## Data for review

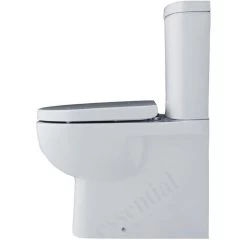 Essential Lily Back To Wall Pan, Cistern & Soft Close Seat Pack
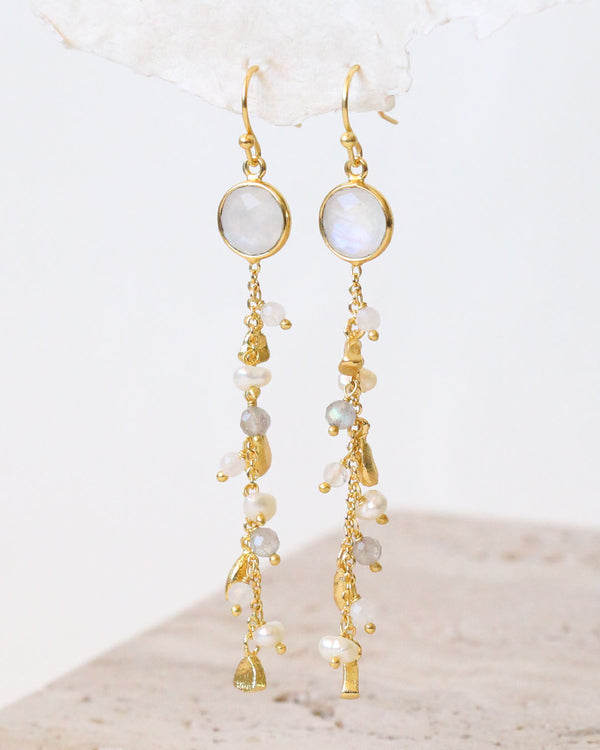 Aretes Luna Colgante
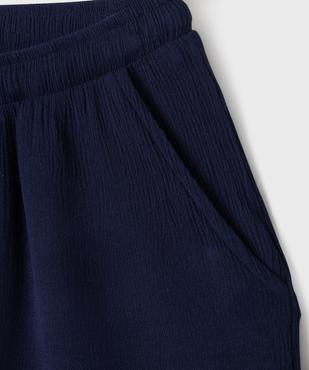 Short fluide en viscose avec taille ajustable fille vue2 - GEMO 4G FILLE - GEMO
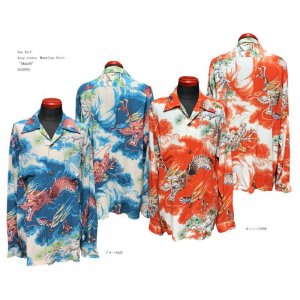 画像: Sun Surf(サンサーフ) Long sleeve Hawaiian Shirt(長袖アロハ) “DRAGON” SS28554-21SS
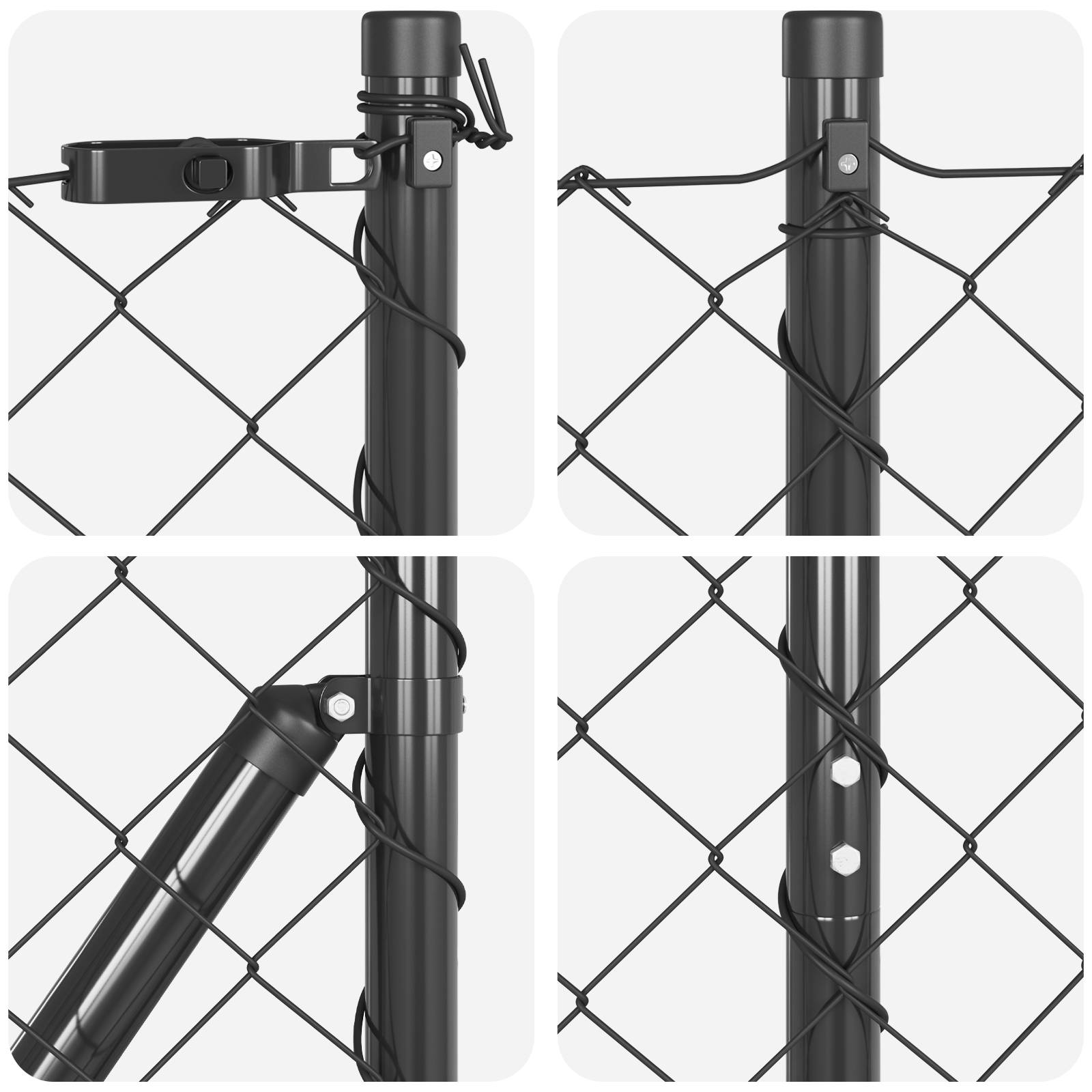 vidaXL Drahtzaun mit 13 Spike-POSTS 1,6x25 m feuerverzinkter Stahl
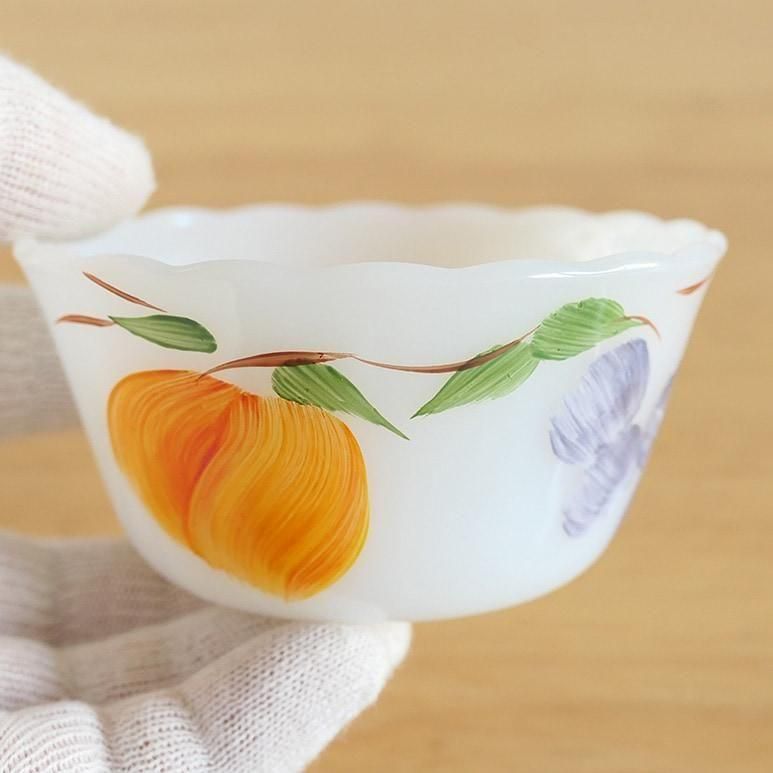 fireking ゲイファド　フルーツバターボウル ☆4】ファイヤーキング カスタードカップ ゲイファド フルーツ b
---
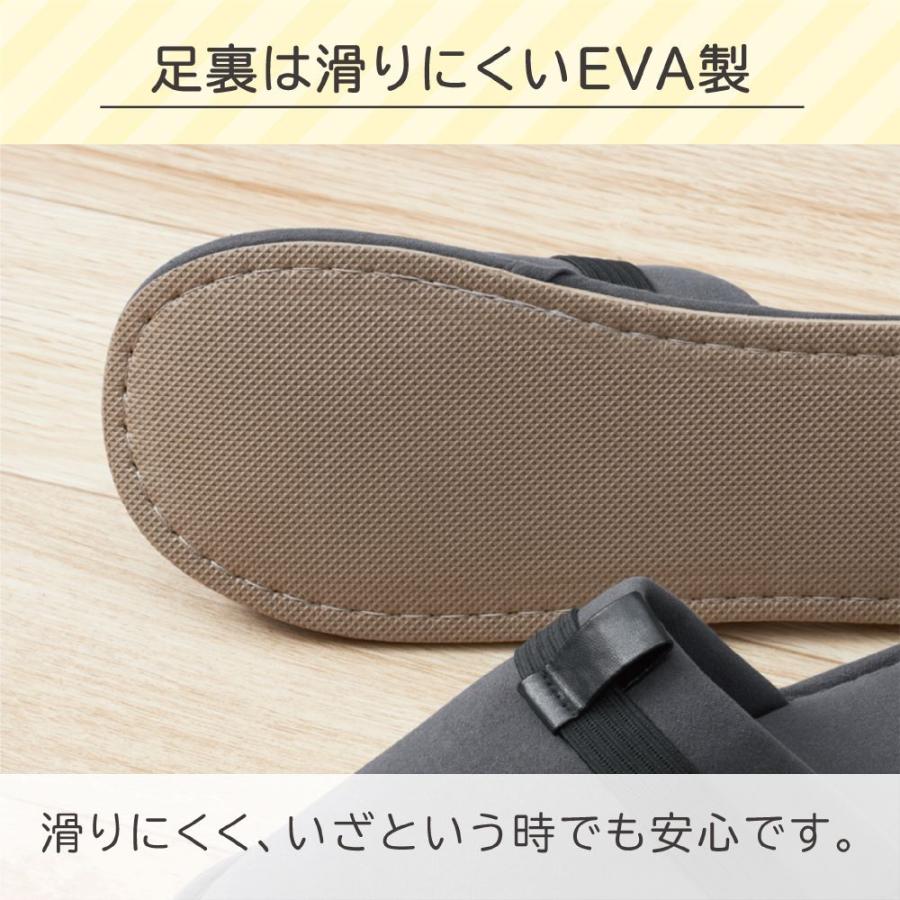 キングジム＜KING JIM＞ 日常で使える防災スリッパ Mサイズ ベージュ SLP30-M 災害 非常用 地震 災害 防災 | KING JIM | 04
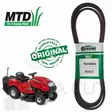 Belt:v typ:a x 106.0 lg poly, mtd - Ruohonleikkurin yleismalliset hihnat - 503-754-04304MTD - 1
---
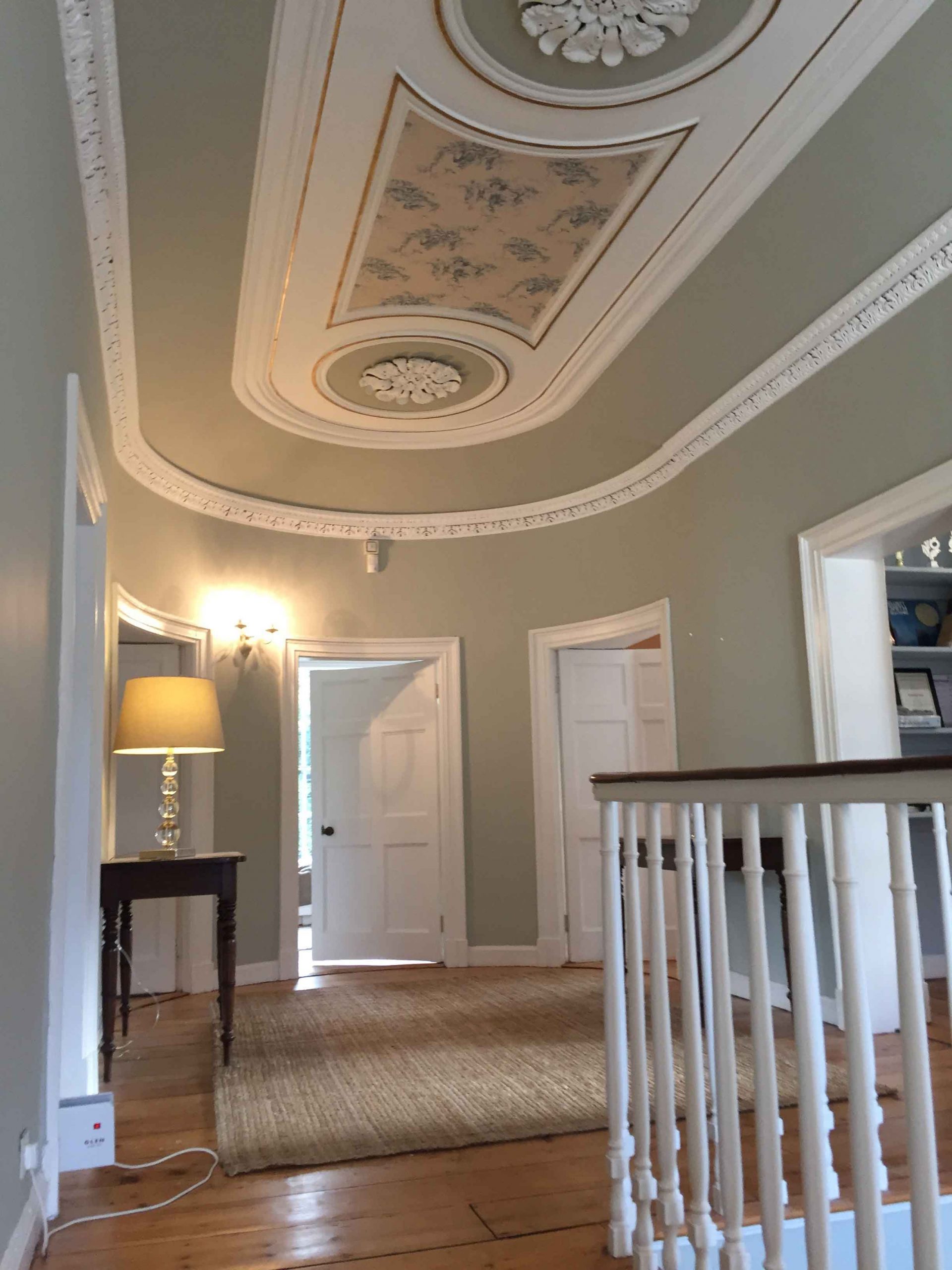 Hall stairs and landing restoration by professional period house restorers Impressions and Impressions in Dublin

## Your task
Nothing but the lines above from the line with "キングジム＜KING JIM＞ 日常で使える防災スリッパ" up to and including the line with "Belt:v typ:a x" should be returned, exactly as written and without pictures.

## Response
 キングジム＜KING JIM＞ 日常で使える防災スリッパ Mサイズ ベージュ SLP30-M 災害 非常用 地震 災害 防災 | KING JIM | 04
 Belt:v typ:a x 106.0 lg poly, mtd - Ruohonleikkurin yleismalliset hihnat - 503-754-04304MTD - 1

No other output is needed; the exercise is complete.